Ashurst seeks partner cash injection after Australian merger

Firm boosts capital in bid to synchronise UK, Australian capital structures

Ashurst is to ask equity partners to pay capital into the firm for the first time as part of a financial rejig aimed at bringing its practices into line with its Australian operations following the merger with Blake Dawson.

Partners will now input an amount every autumn calculated based on the number of equity points they hold, meaning laterals will now have to invest in the firm when they join.

Previously the firm retained capital in the business by holding back a percentage of profits at the end of each financial year dependent on the profit share a partner was expected to receive. This would then be paid back to partners when they leave or retire.

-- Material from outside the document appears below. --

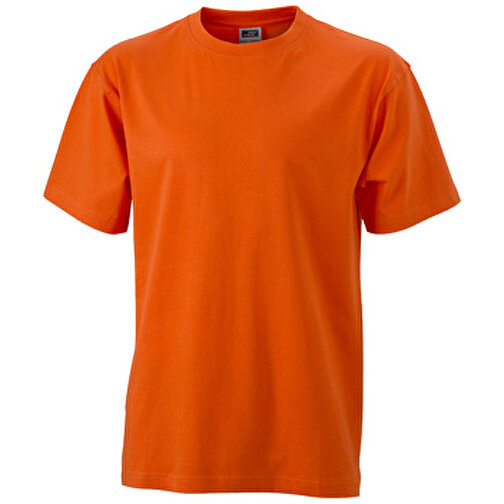 Round-T Heavy (180g/m²) , James Nicholson, dark-orange, 100% Baumwolle, gekämmt, ringgesponnen, 4XL, , Bild 1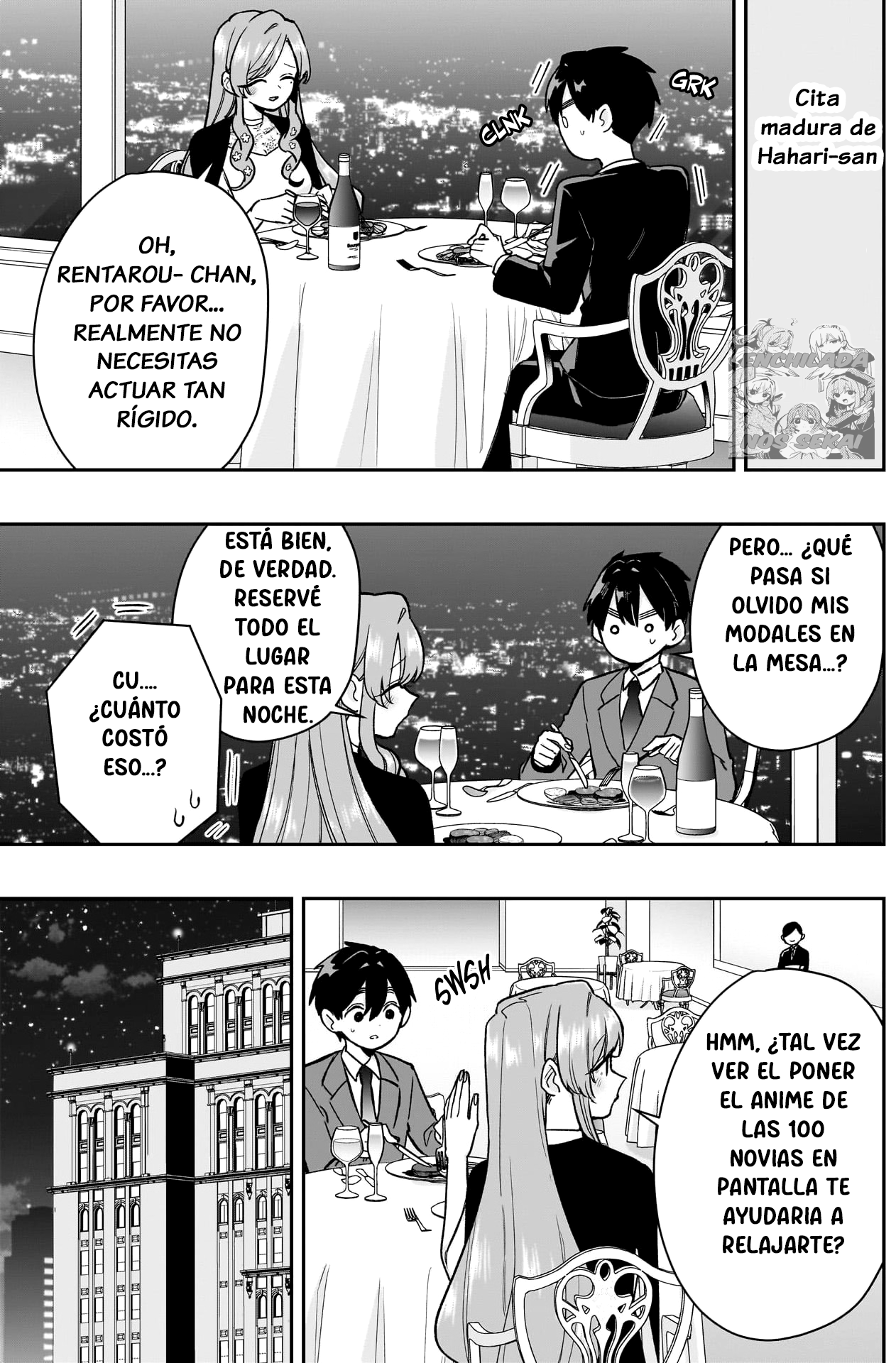 Kimi no koto ga Dai Dai Dai Dai Daisuki na 100-nin no Kanojo Capitulo 197: La vida diaria de Rentarou con sus novias (parte 4) página 16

The move to replace this system had been on the agenda for a number of years and follows a consultation with regular adviser Deloitte. The firm has lined up a number of banks for partners to use to borrow cash to fund the capital inputs.

Newly-promoted equity partners will be given four years in which they pay a smaller amount than would otherwise be expected given their number of points on the modified lockstep. The firm’s demands for capital from laterals partner hires will depend on their circumstances, for instance how much capital they are expecting their previous firm to return.

Salaried partners will not be asked to pay in capital, while the system for fixed-share partners, from whom a proportion of profits were previously held back, remains unchanged.

The new capital structure applies to all legacy Ashurst LLP partners but does not currently include former Blakes partners in Asia and Australia, where partners are on a separate lockstep following the Blakes merger with Ashurst earlier this year (26 September 2011). Blakes equity partners all currently pay in the same flat amount of money every year as capital in contrast to the UK firm’s tiered system of holding back profits.

The change also brings the firm more in line with UK competitors.

Ashurst finance director Nigel Morland said: “I think you’ll find most firms have a capital structure based on a fixed amount per point. That is what we are doing. One of the drivers is to align our balance sheet with Ashurst in Australia.”